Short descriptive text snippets
= = = = =
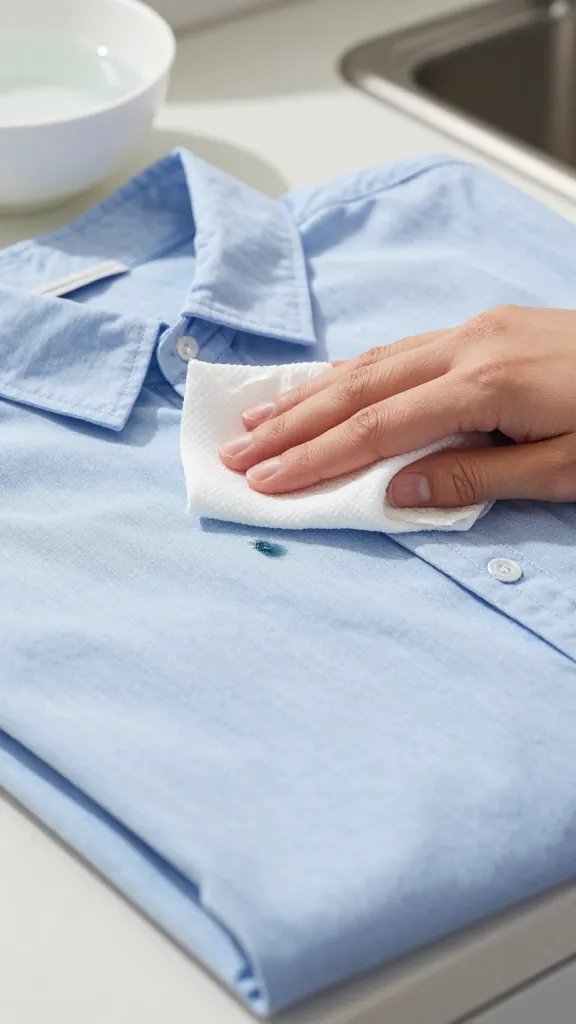 A close-up, well-lit scene of a person quickly blotting a fresh dark grease spot on a light-blue cotton shirt with a white paper towel, on a kitchen counter. Include a small bowl of cool water nearby, a laundry care tag visible on the shirt edge, and soft natural daylight. Emphasize the texture of the shirt fabric and the subtle sheen of the grease without smearing, no text.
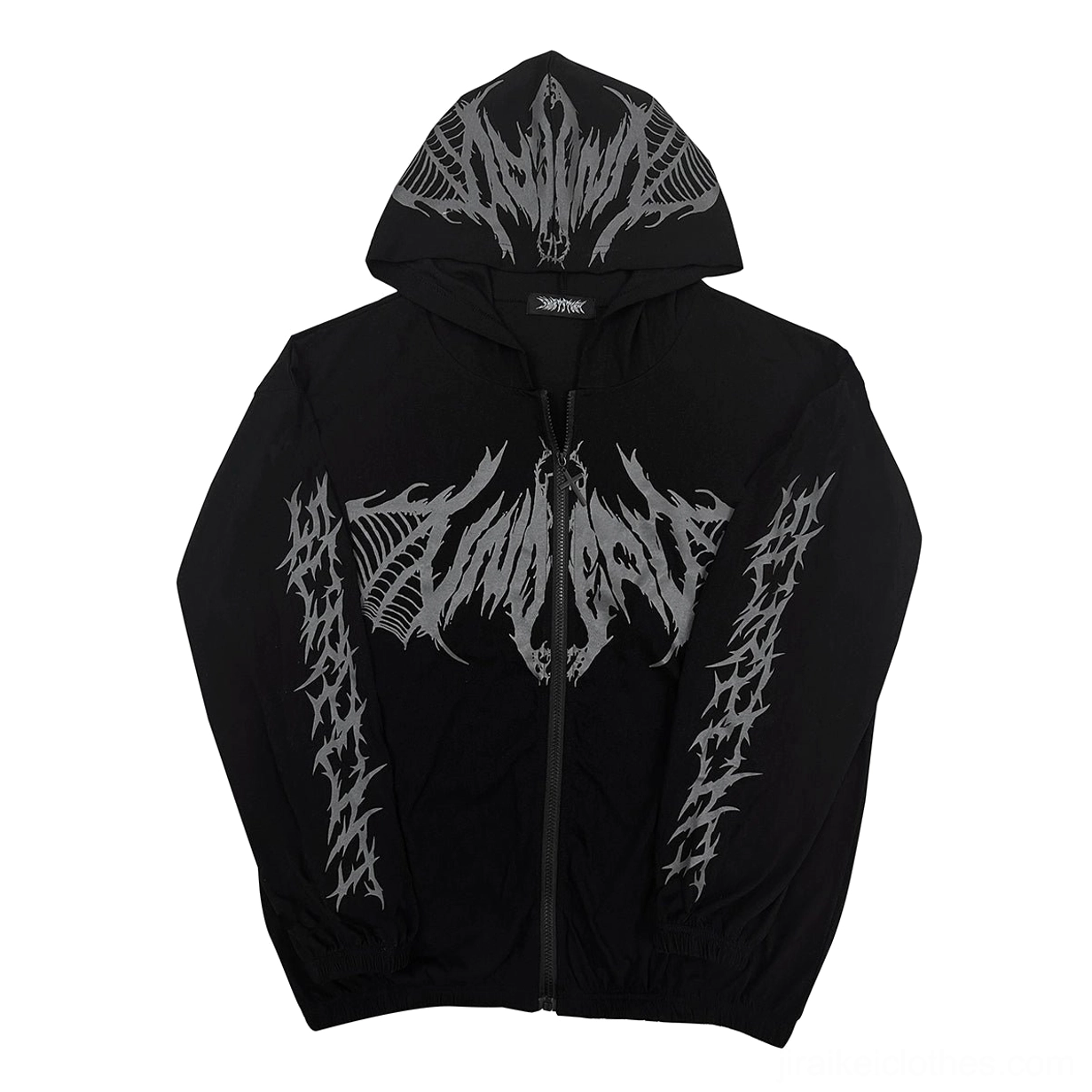 Black Jirai Kei gothic hoodie featuring dark grey skull-wing hybrid print with intricate bone details, hood top graphics and sleeve text, punk subculture design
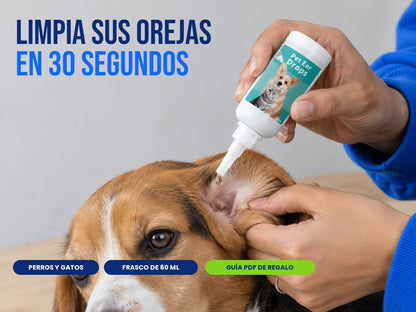 Limpia las orejas de tu perro en 30 segundos con gotas limpiadoras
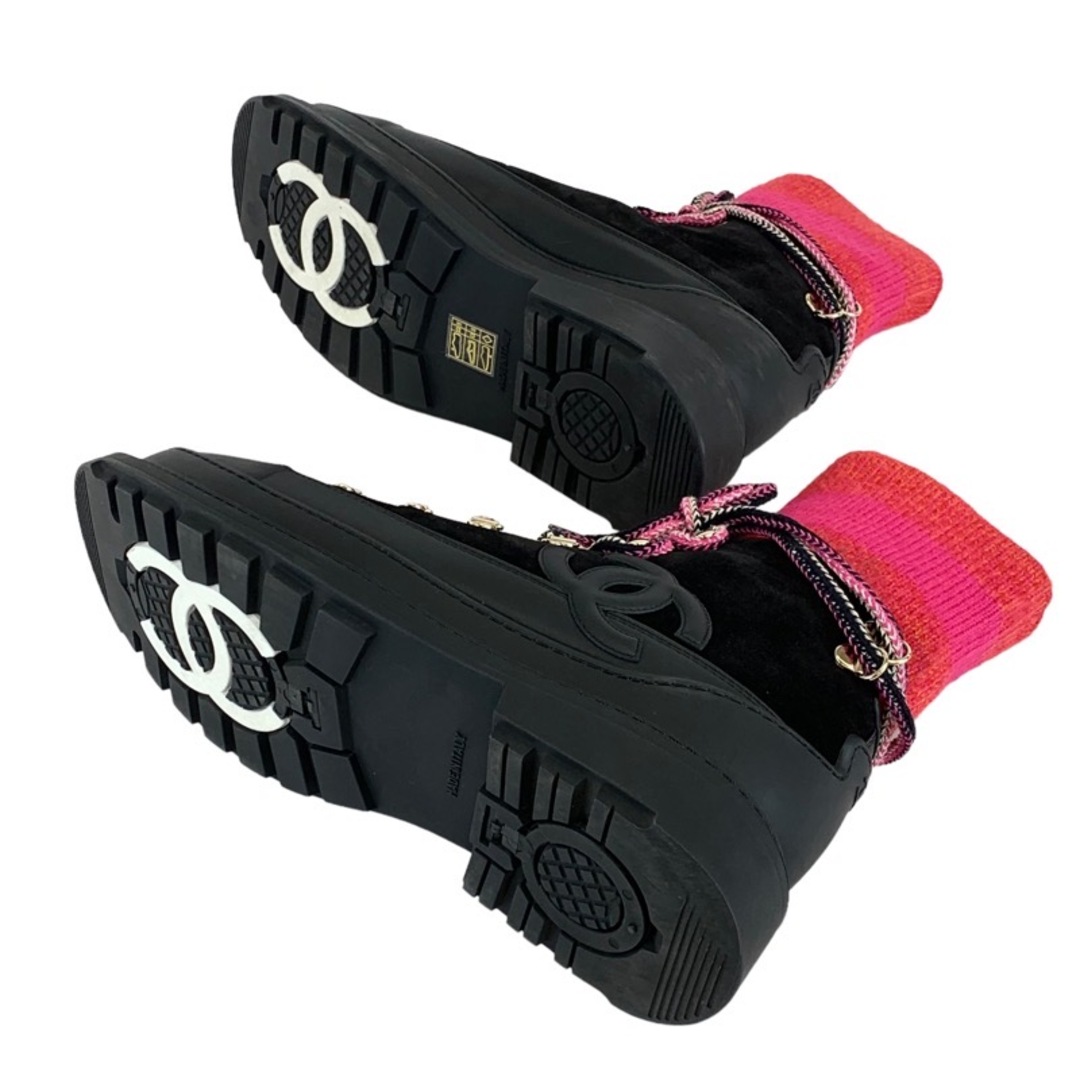 CHANEL(シャネル)のシャネル CHANEL ブーツ ショートブーツ 靴 シューズ レザー スエード ウール ブラック ピンク オレンジ系 スノーブーツ ココマーク レースアップ レディースの靴/シューズ(ブーツ)の商品写真
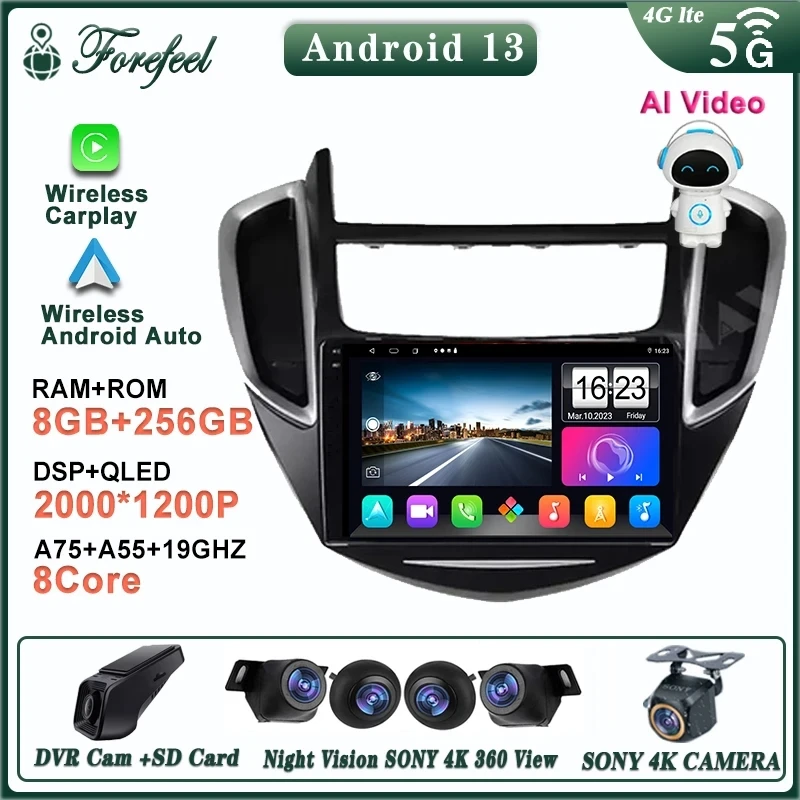 Car Radio Android 14 For Chevrolet Trax Tracker 2014  - 2018 Multimedia Monitor Video Player Navigation QLED Screen Dash Cam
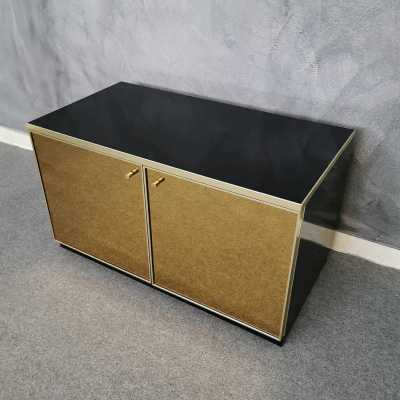 renato zevi brass mirror buffet italy 1970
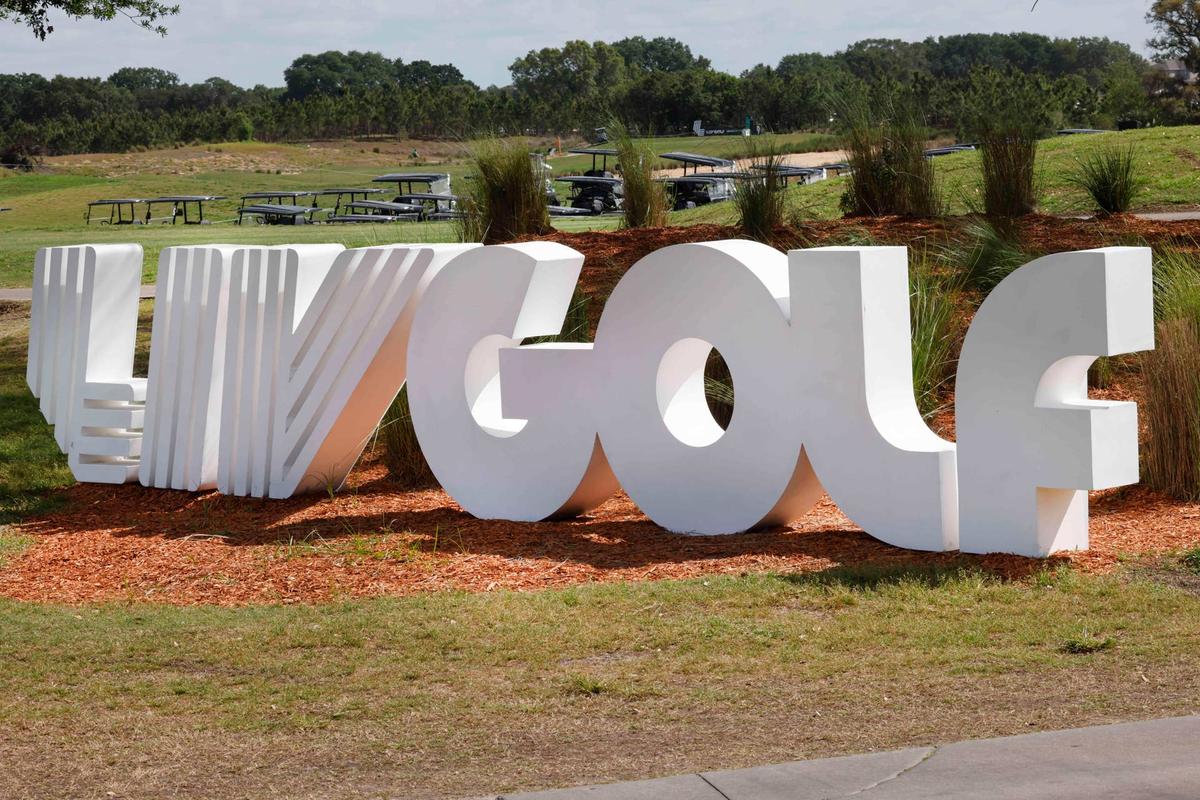  Mar 31, 2023; Orlando, Florida, USA; The LIV logo on display at the entrance before the first round of a LIV Golf event at Orange County National. Mandatory Credit: Reinhold Matay-USA TODAY Sports 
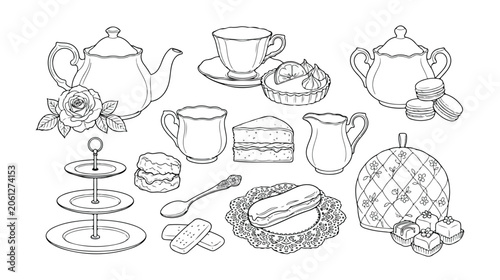 Elegant afternoon tea vector line art collection, vintage tea party essentials, hand-drawn dessert and beverage set, sophisticated cafe menu graphics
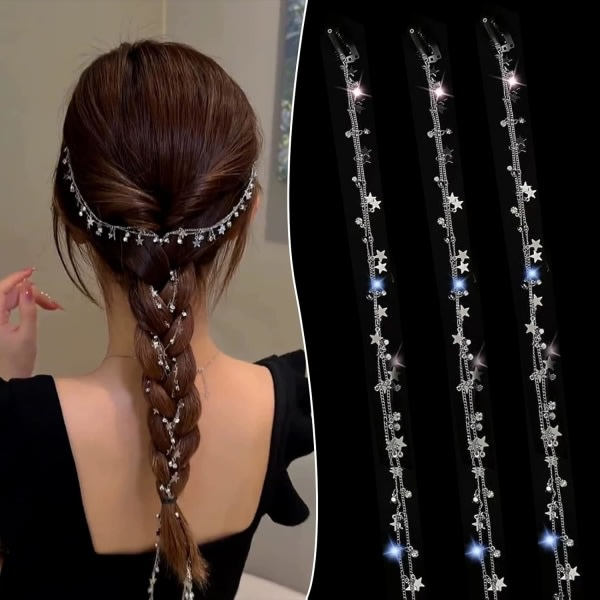 3 st Hårkedjor med långa strass, Silver Måne Stjärna Tassel Hårklämma, Hästsvans Multi Strand Hår Smycken för Flätor Bling Kristall Flätad Hårkedja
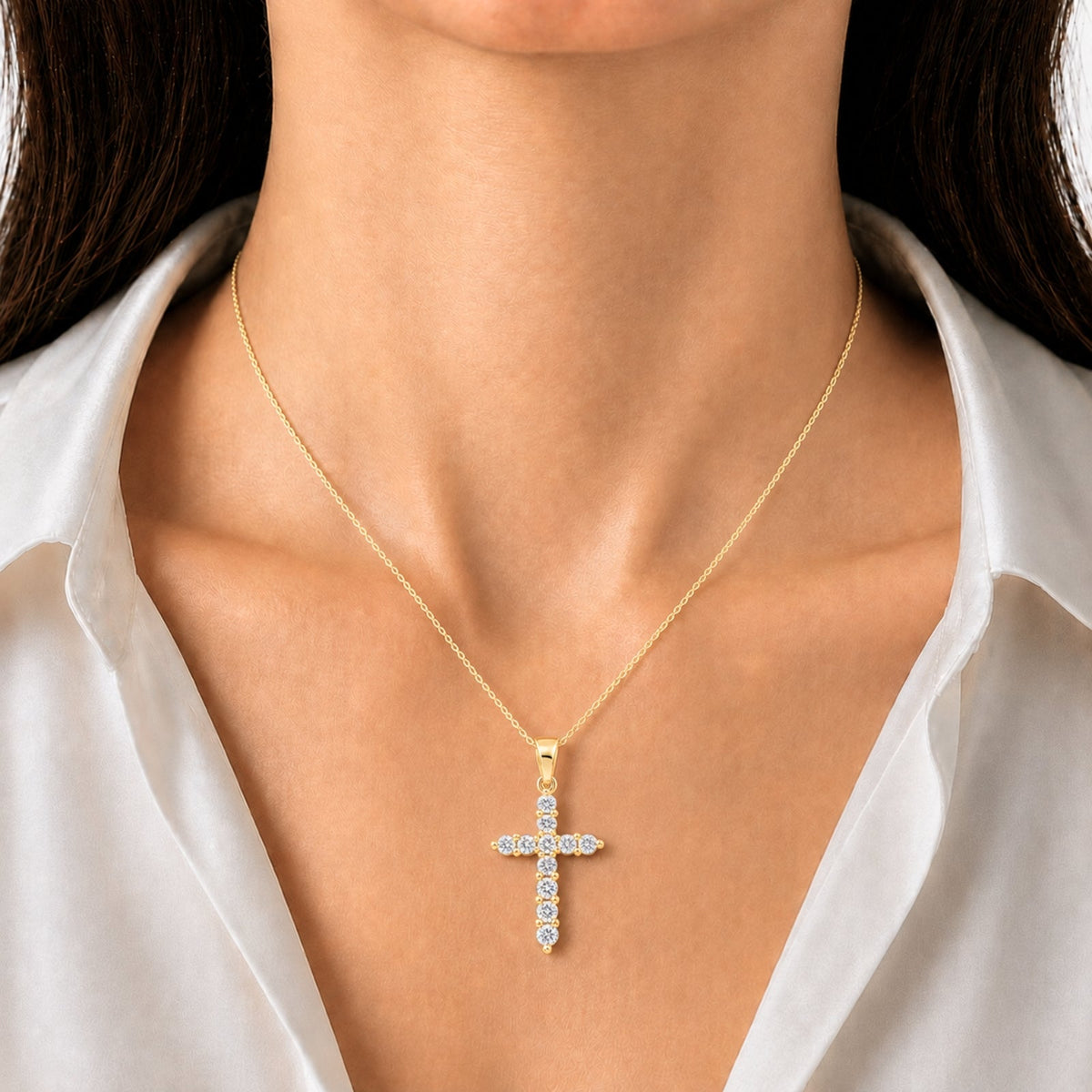 2 ct. T.W. Lab-Grown Diamond Round Cross Pendant Necklace in Sterling Silver or 14K Gold over Silver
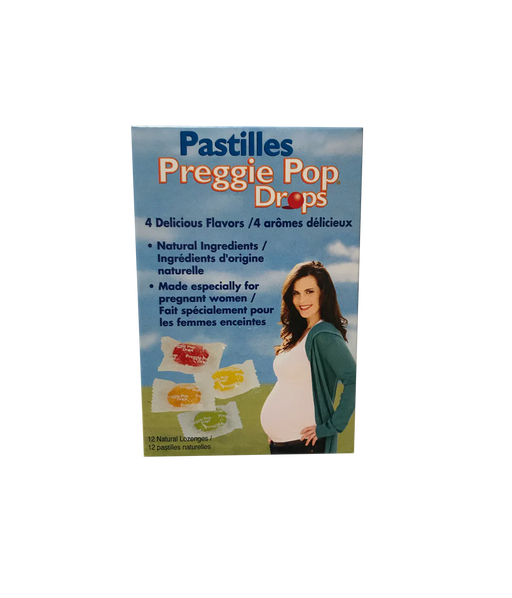 Packaging of Pastilles Preggie Pop Drops with a pregnant woman on a white background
= = = = =
== Exercise aim ==
Nothing but the lines from the one containing "Car Radio Android" to the last line of the records should be returned, exactly as they appear and without pictures.

== Result for this task ==
 Car Radio Android 14 For Chevrolet Trax Tracker 2014  - 2018 Multimedia Monitor Video Player Navigation QLED Screen Dash Cam
 renato zevi brass mirror buffet italy 1970
  Mar 31, 2023; Orlando, Florida, USA; The LIV logo on display at the entrance before the first round of a LIV Golf event at Orange County National. Mandatory Credit: Reinhold Matay-USA TODAY Sports 
 Elegant afternoon tea vector line art collection, vintage tea party essentials, hand-drawn dessert and beverage set, sophisticated cafe menu graphics
 3 st Hårkedjor med långa strass, Silver Måne Stjärna Tassel Hårklämma, Hästsvans Multi Strand Hår Smycken för Flätor Bling Kristall Flätad Hårkedja
 2 ct. T.W. Lab-Grown Diamond Round Cross Pendant Necklace in Sterling Silver or 14K Gold over Silver
 Packaging of Pastilles Preggie Pop Drops with a pregnant woman on a white background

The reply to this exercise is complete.